The message came in the sermon of a mass in St Peter's Basilica shortly before the bishops began two days of crisis talks with the pope to formulate a response to the revelations of abuse by clergy that have shaken devoutly Catholic Ireland.
The historic meeting between Pope Benedict, six senior Curial Cardinals, and 24 Irish bishops resumed this afternoon and will resume tomorrow.
Catholic primate Cardinal Seán Brady will host a press conference tomorrow afternoon at which he is expected to outline what has taken place in discussions at the Apostolic Palace over the two days.
This morning’s session began at 8am with Mass in St Peter’s Basilica which was celebrated by the Vatican secretary of State Cardinal Bertone.
It was concelebrated by the Irish bishops and those other senior Curial cardinals who have been taking part in today’s discussions.
They include Cardinal Re, Cardinal Levada, Cardinal Hummes, Cardinal Rode, Cardinal Grocholewski, Archbishop Coccopalmeiro.
In his homily, Cardinal Bertone urged the Irish bishops to consider their trials with joy because, while on the one hand they humiliate, on the other hand they test faith, producing patience and perseverance.
He added that, for the Church, these tests “may come from outside or inside. Both are painful, but those that come from within are naturally hard and humiliating”.
He described the trials facing the Catholic community in Ireland as “a serious test” which “sees some churchmen involved in particularly abhorrent acts”.
He said “this kind of test strips us of any false security and pushes us to entrust ourselves to God alone”.
Because only if we are “true and sincerely humble” can “the grace of God act and we achieve a true rebirth”.
The Cardinal warned against the temptation to discouragement and despair touching the hearts of believers, shaking their faith and threatening their ability to trust God.
For this reason, he concluded, the bishop’s must accept Gods will with a “good and faithful heart in order to receive the full force of renewal”.
After Mass the Irish bishops went to the Vatican ’s Apostolic Palace where each met Pope Benedict in turn before discussions began, led off by the Ireland ’s Catholic Primate Cardinal Sean Brady.
The Irish bishops will stay tonight at the Santa Marta complex within the Vatican . It was built to accommodate cardinals during a papal conclave and to ensure they had no contact with the outside world.
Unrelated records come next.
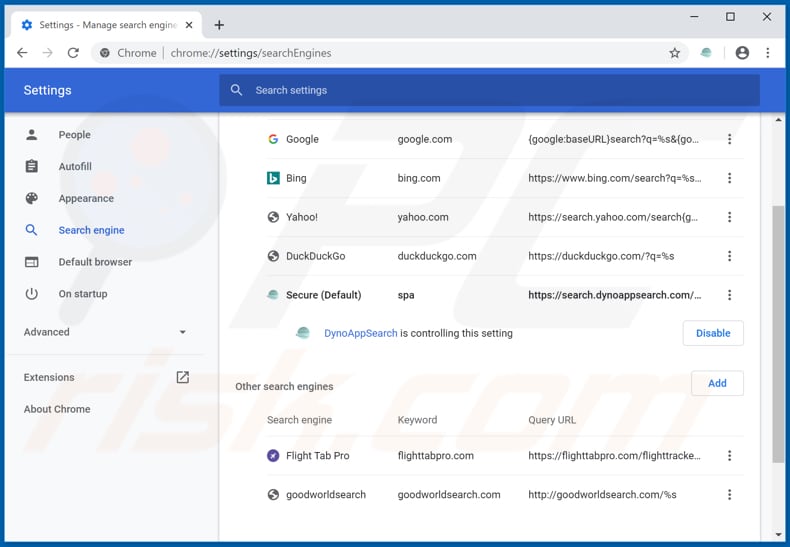 Verwijdering dynoappsearch.com uit Google Chrome standaard zoekmachine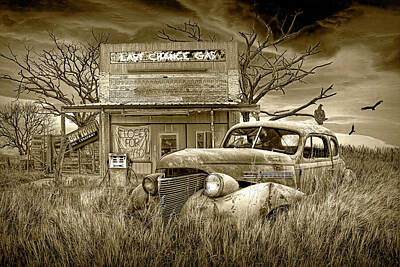 Randall Nyhof Royalty-Free and Rights-Managed Images - Last Chance Gas with Abandoned Ghost Town Filling Station by Vin by Randall Nyhof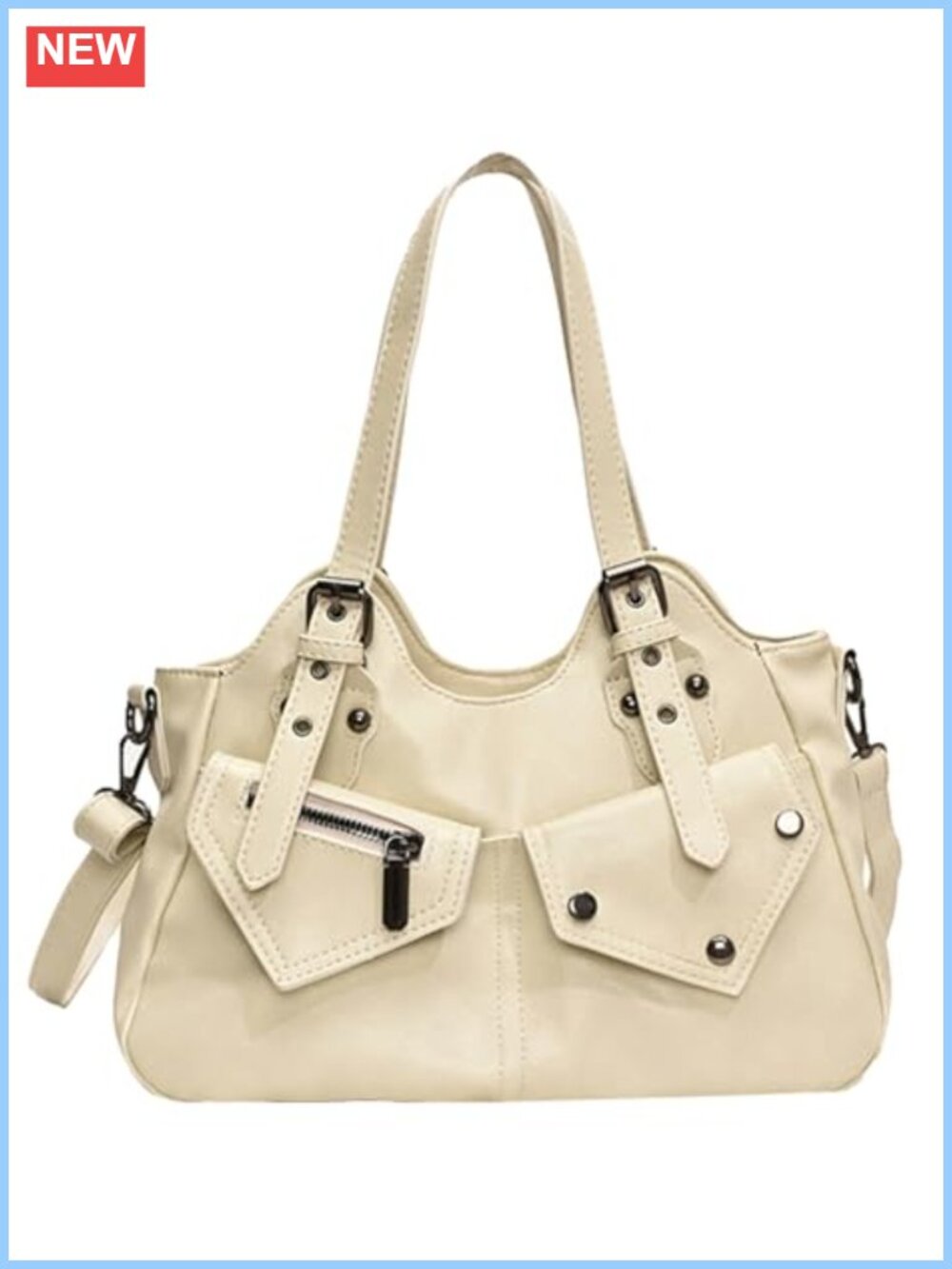 Y2K Retro PU Leather Shoulder Bag Large Tote Crossbody Handbag Rivet Buckle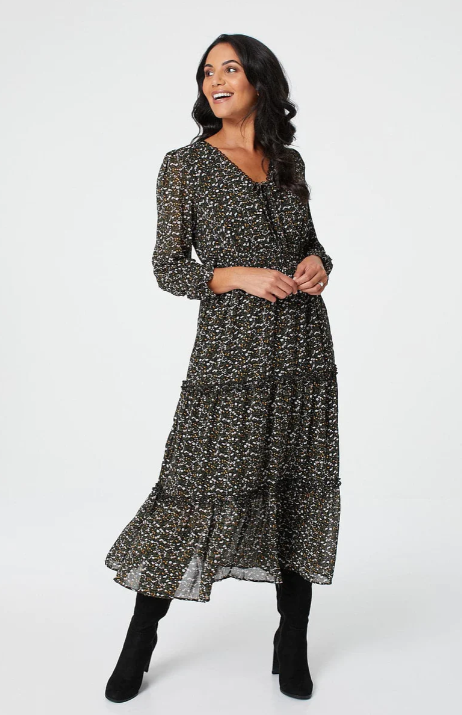 Wrenn Black Flower Print Midi Dress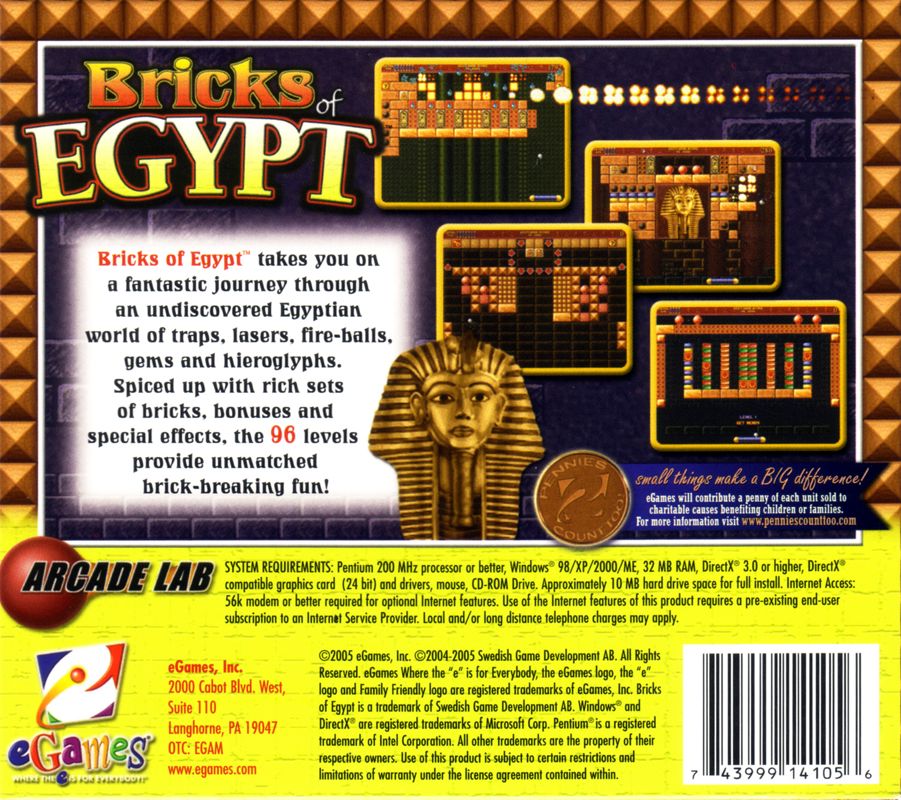 Back Cover for Bricks of Egypt (Windows)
Cardinal Sean Brady told Vatican Radio the two-day meeting was part of a "journey of repentance, reconciliation and renewal" for the Irish Church.
But Clogher Bishop Joseph Duffy said resignations were not on the agenda in Rome, despite victims' demands that clerics who played a role in concealing pedophile priests from censure step down.
Tomorrow morning the bishops will resume discussions with the Pope and his senior cardinals concluding around lunchtime as many bishops must return to Ireland tomorrow afternoon for Ash Wednesday ceremonies.
A press conference tomorrow afternoon will be attended by Cardinal Brady and other bishops yet to be named.
Yet Andrew Madden, who in 1995 became the first in Ireland to go public with an abuse lawsuit against the church, was pessimistic about prospects that "the pope and the bishops will do what's required or what's right."
"It's clear that most of Ireland's bishops should go, because they conspired in covering up heinous crimes," Mr Madden told The Associated Press news agency in Dublin. "Most of them will cling to their positions regardless of the anguish this causes the victims."
"For the bishops to say that resignations aren't on the agenda just compounds the anger and grief of abuse victims," Madden said.